Indexes marketing content assets from Adobe Marketo Engage, including emails, landing pages, snippets, and forms. The connector retrieves assets through the Marketo REST API.

How it connects: The connector authenticates using the OAuth 2.0 client credentials grant. It first requests an access token from the Marketo identity endpoint using the client ID and client secret, then uses that token to call the Marketo Asset API to retrieve marketing content. Access tokens expire after one hour and are refreshed automatically.

Example:

crawlers:
  marketo_assets:
    module: crawler.marketo.main.run
    parameters:
      credentials:
        base_url: https://123-ABC-456.mktorest.com
        identity_url: https://123-ABC-456.mktorest.com/identity
        client_id: your-client-id
        client_secret: your-client-secret

Parameters:

Parameter	Default	Description
`credentials`	Required	OAuth credentials (see below)
`asset_types`	`['emails', 'landing_pages']`	Types of assets to retrieve
`metadata`	`{}`	Additional metadata for all documents

Credentials:

base_url: Marketo REST API base URL (found in Admin > Integration > Web Services)
identity_url: Marketo identity endpoint for token retrieval
client_id: OAuth client ID (found in Admin > Integration > LaunchPoint > View Details)
client_secret: OAuth client secret (found alongside client ID)

Authentication flow:

The connector requests an access token: GET <identity_url>/oauth/token?grant_type=client_credentials&client_id=<id>&client_secret=<secret>
The token is included in subsequent API calls as Authorization: Bearer <access_token>
Tokens expire after 3,600 seconds (one hour) and are renewed automatically

Note

The LaunchPoint custom service must be created with an API-only user that has the appropriate asset access permissions. See the Marketo REST API documentation for setup instructions.

Azure Files

Syncs and indexes files from Azure Blob Storage.

Example:

crawlers:
  azure_docs:
    module: crawler.azurefiles.main.run
    parameters:
      source: https://myaccount.blob.core.windows.net/container
      public_url: https://docs.mycompany.com/

Parameters:

Parameter	Default	Description
`source`	Required	Azure Blob Storage URL
`public_url`	Required	Base URL for public document links
`ignore_regex`	`[]`	List of regex patterns to ignore files
`sync_ignore_regex`	`[]`	Regex patterns for sync exclusion (defaults to ignore_regex)
`extensions`	`[]`	File extensions to process (empty = all)
`target`	`ENV.FILES_PATH / 'azuresync'`	Local sync target directory
`text_selectors`	`[]`	CSS selectors for text extraction
`title_selector`	`'title::text'`	CSS selector for document title
`breadcrumb_selector`	`''`	CSS selector for breadcrumbs
`metadata`	`{'document_type': 'DOC'}`	Additional metadata

Confluence

Indexes content from Atlassian Confluence spaces.

How it connects: The connector authenticates using HTTP Basic Authentication with a username and API token, then paginates through all pages in the specified space.
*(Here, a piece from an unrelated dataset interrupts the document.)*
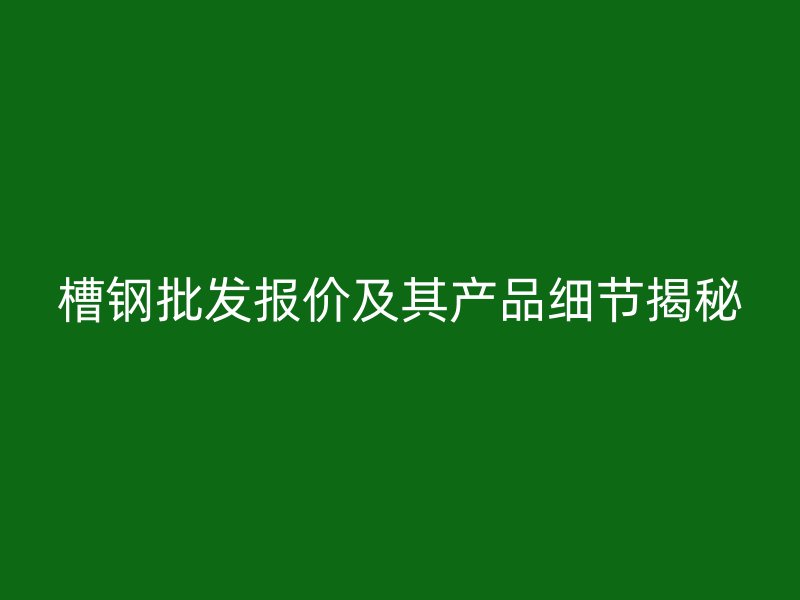 槽鋼批發(fā)報價及其產(chǎn)品細節(jié)揭秘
Page content is converted from Confluence HTML to Markdown, with Confluence-specific macros stripped automatically.

Example:

crawlers:
  confluence:
    module: crawler.confluence.main
    parameters:
      space_key: DOCS
      credentials:
        server: https://mycompany.atlassian.net
        basic_username: user@example.com
        basic_password: your-api-token

Parameters:

Parameter	Default	Description
`space_key`	Required	Confluence space key to crawl
`credentials`	Required	Authentication credentials (see below)
`metadata`	`{}`	Additional metadata for all documents

Credentials:

server: Confluence instance URL (e.g., https://mycompany.atlassian.net)
basic_username: Email address of the Confluence user or service account
basic_password: API token generated from Atlassian account settings

Setting up access:

SerenityGPT connects to Confluence as a specific user account. That account determines which spaces and pages the connector can index. To follow the principle of least privilege, create a dedicated account and grant it read-only access to only the spaces you want indexed.

Creating a service account (recommended):

Atlassian provides service accounts that are not tied to a person and do not consume a Confluence license seat. Every organization gets 5 free service accounts (more with Atlassian Guard Standard).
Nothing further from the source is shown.